Under the legislation underpinning DDO, financial advisers and licensees who are distributors of financial products were required to report complaints in writing on a regular basis to product issuers. This also included submitting a “nil complaints” report if no complaints about the product were received.
But ahead of the 5 October DDO start, the Treasury has updated the regime, noting the removal of nil complaints requirements.
In applauding this major development, the Stockbrokers and Financial Advisers Association (SAFAA) referred to the “nil complaints” requirement as “a significant and unnecessary regulatory burden placed on distributors from which issuers would not gain any benefit”.
“Both distributors and issuers can now focus on complaints, rather than the fact that no complaints have been received in relation to particular products,” SAFAA CEO Judith Fox said.
She drew attention to the number of issuers stockbrokers and investment advice firms distribute products from, including ETFs, TraCRs, warrants and mFunds.
“Each of these issuers has multiple products, resulting in many hundreds of ‘nil complaints’ reports needing to be sent every quarter, as SAFAA members receive very few complaints about these products,” Ms Fox said.
“The work involved in setting up a system to communicate these reports to issuers was proving to be costly and burdensome.”
Last month, the Treasury announced a number of amendments to the DDO framework in response to industry feedback, which included a clarification of the product types exempted from the obligations — margin loans to corporates, foreign cash that is settled immediately, and non-cash payment facilities such as credit and debit card facilities.
The amendments also made clear that employees of licensees are not subject to their own separate set of DDO obligations, and that 31-day term deposits are included in the regime.
The Treasury at the time confirmed ASIC would provide temporary relief giving effect to the government’s policy intention for the changes until the legislative amendments were passed.




On the one hand they want advisers to be “professional” and have put onerous education requirements in place in order to achieve this goal.
On the other hand, DDO is introduced, which appears to be a ‘hand holding’ exercise to tell advisers which products they can and cannot use for certain clients.
I was under the impression that an adviser’s training and experience prepared them to be able to accurately select an appropriate product for a client. As such, I cannot see a valid reason for the DDOs to exist in the first place!

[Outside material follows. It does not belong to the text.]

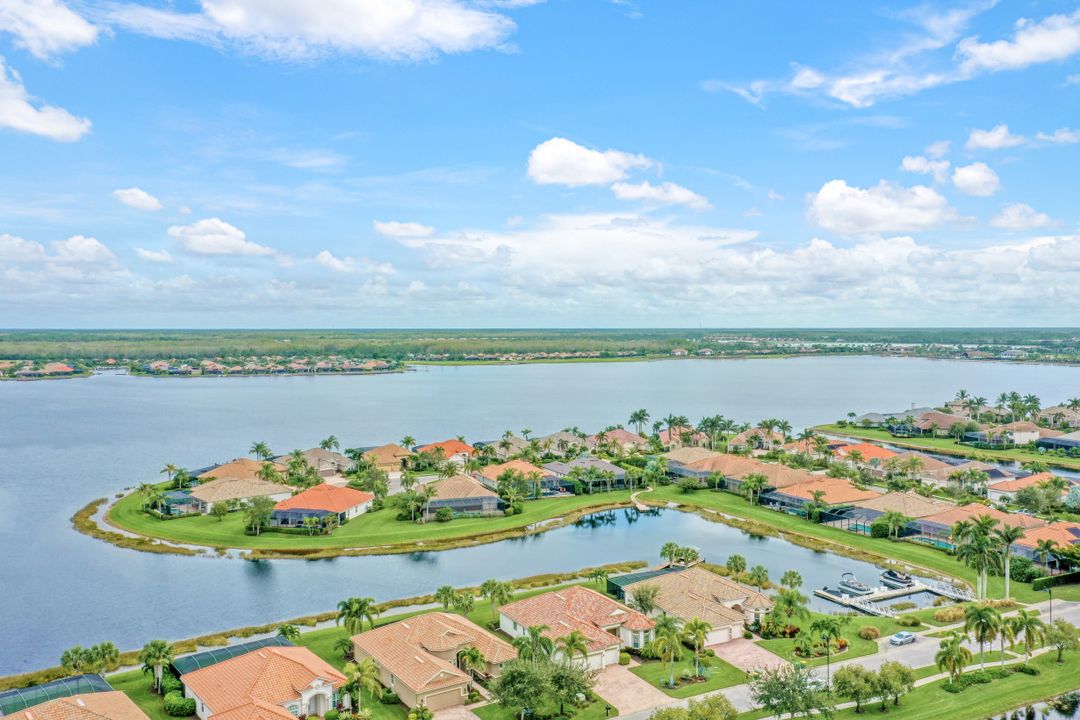 9364 Marble Stone Dr, Naples, FL 34120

Clearly the meaning of “major” has changed from my understanding. This is “minor” to “insignificant” at best.
More ridiculous box ticking that will achieve nothing – everyone will now scramble to find some software that ticks the boxes with the least amount of fuss and stress.
In the meantime, costs will go up for clients for no discernible benefit…

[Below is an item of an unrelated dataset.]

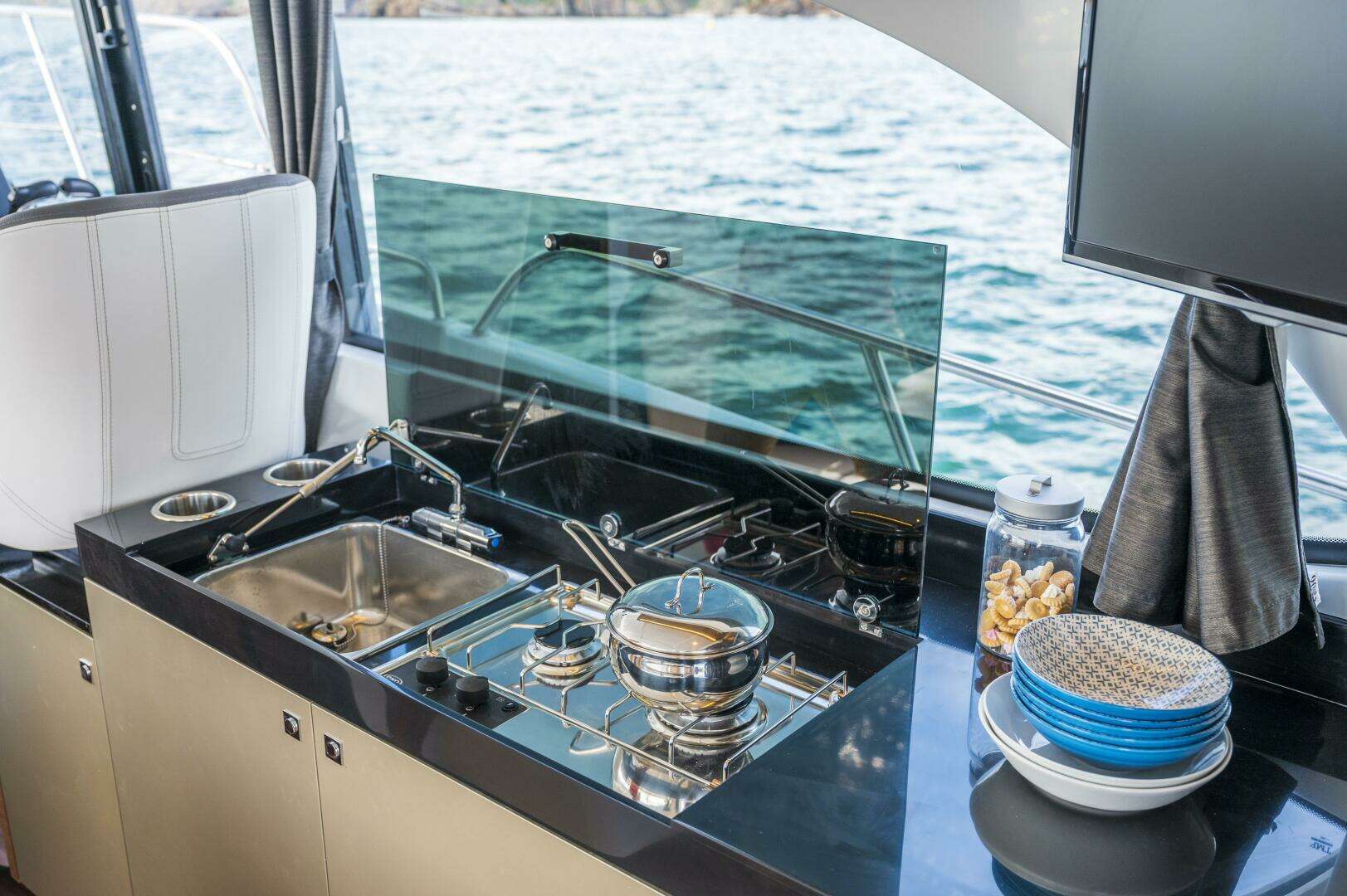 2026 Beneteau Antares 11 Softtop - Image 15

Looks like Frydenberg and Codina are getting a little nervous….and well they should be!!
Why are Financial advisers providing retail advice with all the consumer protections in place not exempt from DDO? This is yet another complete fail by Treasury and creating yet more duplication of effort. More pages and longer SOAs will result and this adds nothing to consumer protection as retail advice regulation already more than ensures products are provided that suit clients needs. Again the cost to clients of retail advice will go up for absolutely no benefit.
Another glorious piece of legislation to keep the costs down.
Completely unrelated, does anyone have a spare brick wall I can use to continue belting my head against as I need a change of scenery?
The fact that Jane Hume (& her advisers) didn’t even pick this ridiculous level of pointless red tape, is more proof she should be replaced by a more competent Minister. What would be more useful if Hume was forced to spend a week working in a small practice, & she would be shocked to see how much compliance work this Govt has imposed on adviser firms. It’s simply embarrassing.
I really have to say a lot of the regs are very necessary. With the right compliance manual, the right software and an acceptance of the regs there isn’t that much compliance work. The pressure comes however the smaller the business gets. A one or two person show with no or part-time support staff is going to find the environment costly measured against the amount of business they have. A larger firm, operating under the exact same “red tape” is far better positioned to absorb the costs. There is definitely a size of practice that is no longer viable but they have a great opportunity to merge into or sell into a larger operation with a good support model.